# What you have to do
What you give back should be exactly the lines from the one with "Conector FFC/FPC orizontal" through the final line of the material, pictures removed; please add nothing.

# Given information
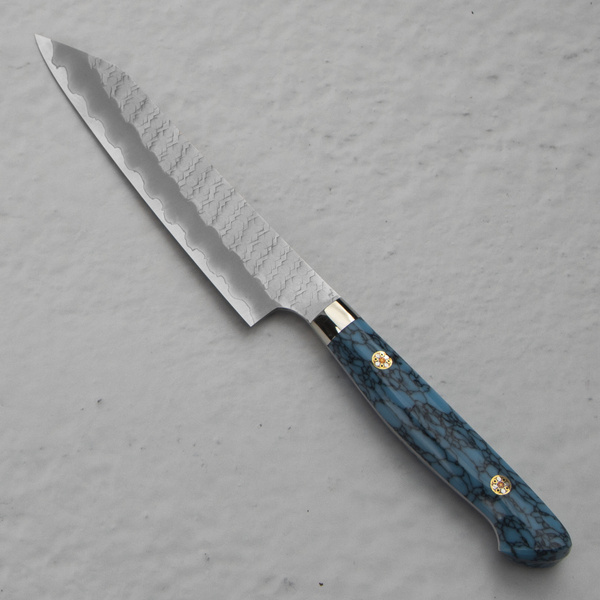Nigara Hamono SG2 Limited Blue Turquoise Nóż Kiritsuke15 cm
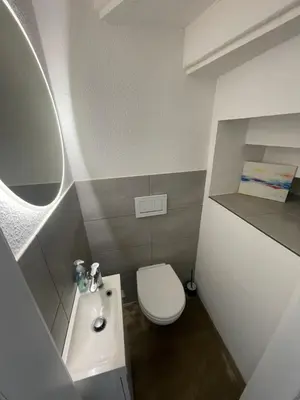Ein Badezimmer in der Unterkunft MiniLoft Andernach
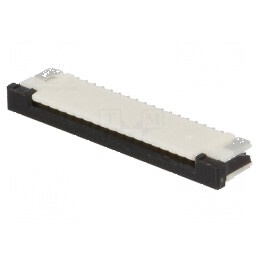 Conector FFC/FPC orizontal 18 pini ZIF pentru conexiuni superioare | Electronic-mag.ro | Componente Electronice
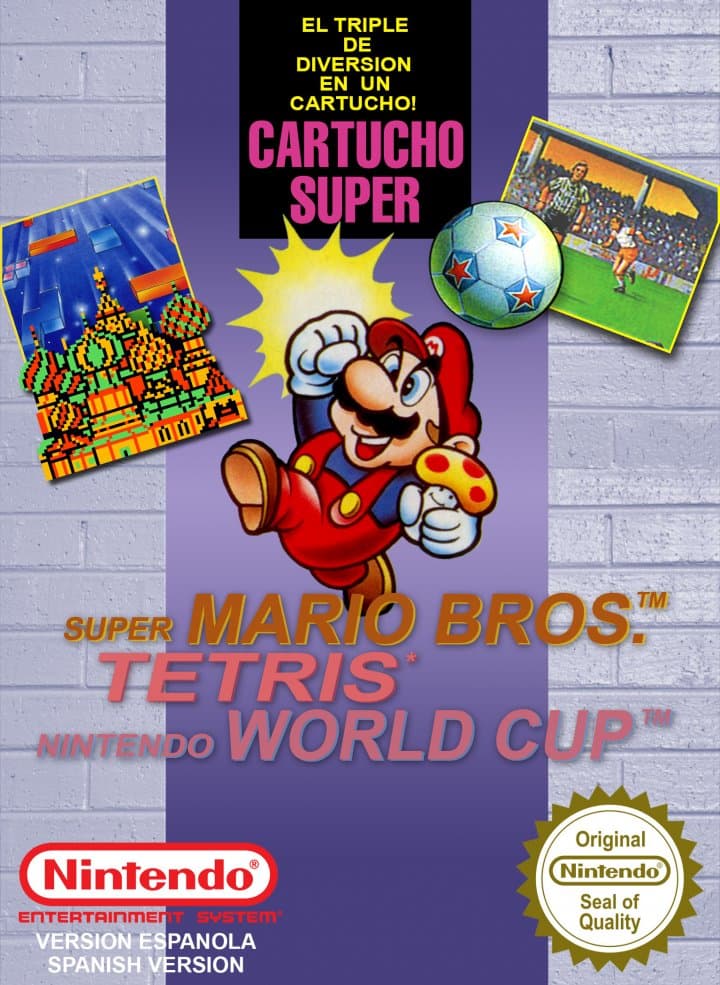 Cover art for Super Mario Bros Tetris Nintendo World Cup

# Exercise output
 Conector FFC/FPC orizontal 18 pini ZIF pentru conexiuni superioare | Electronic-mag.ro | Componente Electronice
 Cover art for Super Mario Bros Tetris Nintendo World Cup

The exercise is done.